Très attendu depuis Premiers Symptômes (compilation de leurs premiers simples), l’album de Air, Moon Safari (Source), sort ces jours-ci. Rencontre (aérienne) avec ce duo multi-instrumentiste (Nicolas Godin et Jean-Benoît Dunkel) pour parler de leur musique intime et sensuelle, bien loin des schémas réducteurs qui caractérisent généralement la scène française.
Tête de l’art : En quoi l’architecture et les mathématiques sont utiles à votre musique ?
Jean-Benoît Dunkel : On ne se rend pas vraiment compte de l’influence que ça a. Mais, quand on travaille, ces formations respectives nous apportent sérieux et reflexion sur la structure même des morceaux. L’approche est pourtant très sensible pour chacun d’eux.

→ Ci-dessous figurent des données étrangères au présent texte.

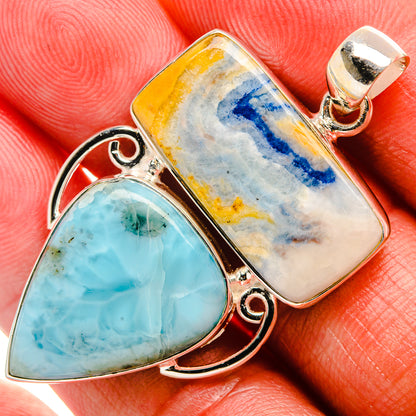 Blue Scheelite, Larimar Pendant 2" (925 Sterling Silver) PD37964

Il n’y a rien de rationnel. Nous sommes beaucoup plus proches de la sensibilité latine.
Le lieu a-t-il été déterminant pour l’enregistrement ?
Nicolas Godin : Oui. Essentiel. On voulait être coupé de tout, sans téléphone, sans télévision, afin de nous consacrer exclusivement à l’album. Il n’aurait pas sonné comme ça si nous ne nous étions pas mis volontairement dans ces conditions pour travailler tranquillement.

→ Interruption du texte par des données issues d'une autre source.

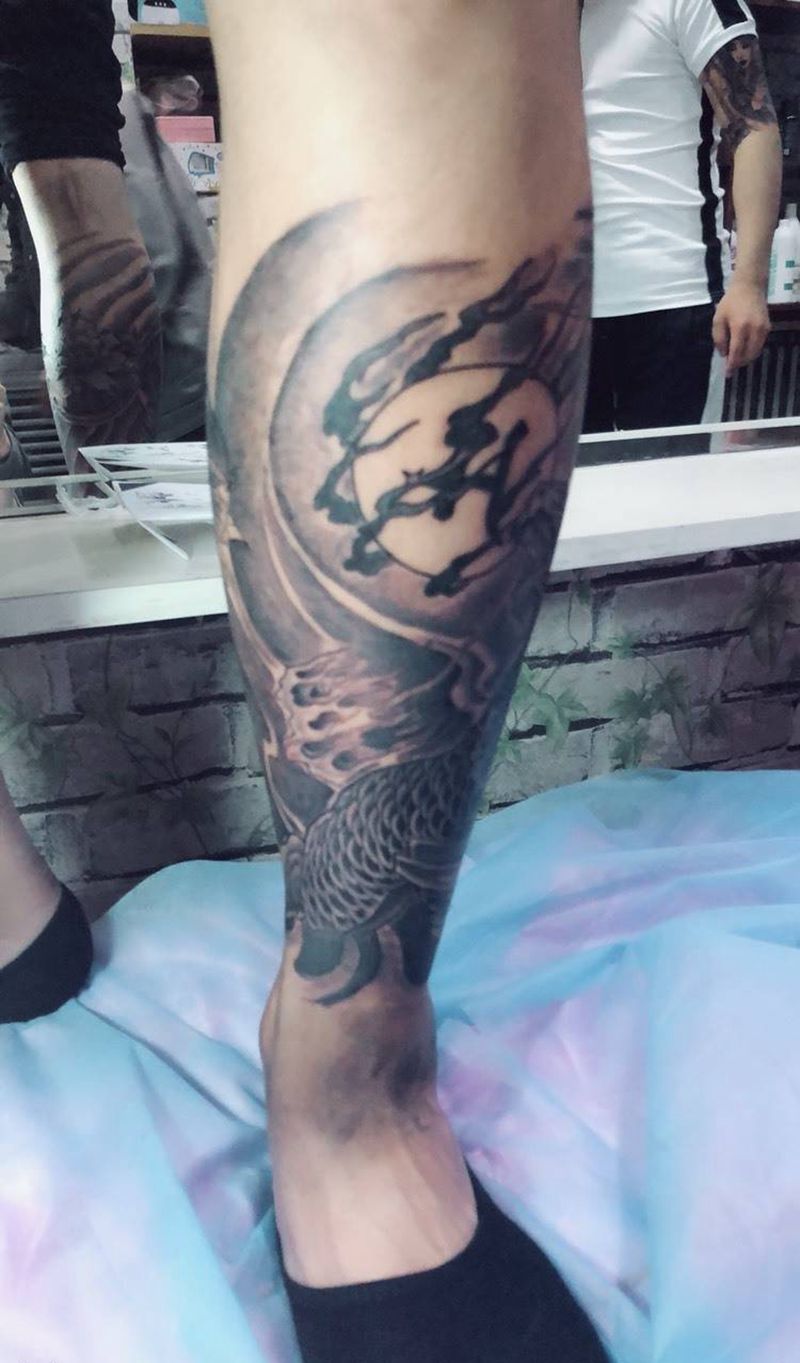 包小腿纹身图片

Londres a été une étape importante pour l’orchestration des sections de cordes ?
Nicolas Godin : C’est arrivé après l’enregistrement. On pensait déjà aux violons qui seraient sur chacun des titres lors des sessions. On a donc été à proximité d’Oxford, chez David Withaker, pour lui dire ce qu’on souhaitait sur chacun d’eux.

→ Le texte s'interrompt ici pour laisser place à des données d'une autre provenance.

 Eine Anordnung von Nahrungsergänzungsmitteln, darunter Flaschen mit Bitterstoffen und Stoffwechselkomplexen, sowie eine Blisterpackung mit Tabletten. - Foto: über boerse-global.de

Jean-Benoît Dunkel : Il avait travaillé avec Gainsbourg. C’est Daho qui nous en a parlé. La rencontre a été au-delà de nos espérances.
Vous êtes à la frontière de deux univers : l’un sensible, l’autre plus électronique. Pourquoi ne pas avoir choisi l’un ou l’autre ?
Jean-Benoît Dunkel : Il y a un mélange d’instruments réels (basse, etc.) et des délires électroniques. Les deux sont indissociables. L’ambition a toujours été que les morceaux soient émotifs. Et finalement, ces deux univers contribuent à faire naître l’émotion. On ne pouvait pas choisir une option plutôt qu’une autre.
Nicolas Godin : On prendra sans doute plus de risques pour le prochain. Là, finalement, on a fait ce qu’on savait faire.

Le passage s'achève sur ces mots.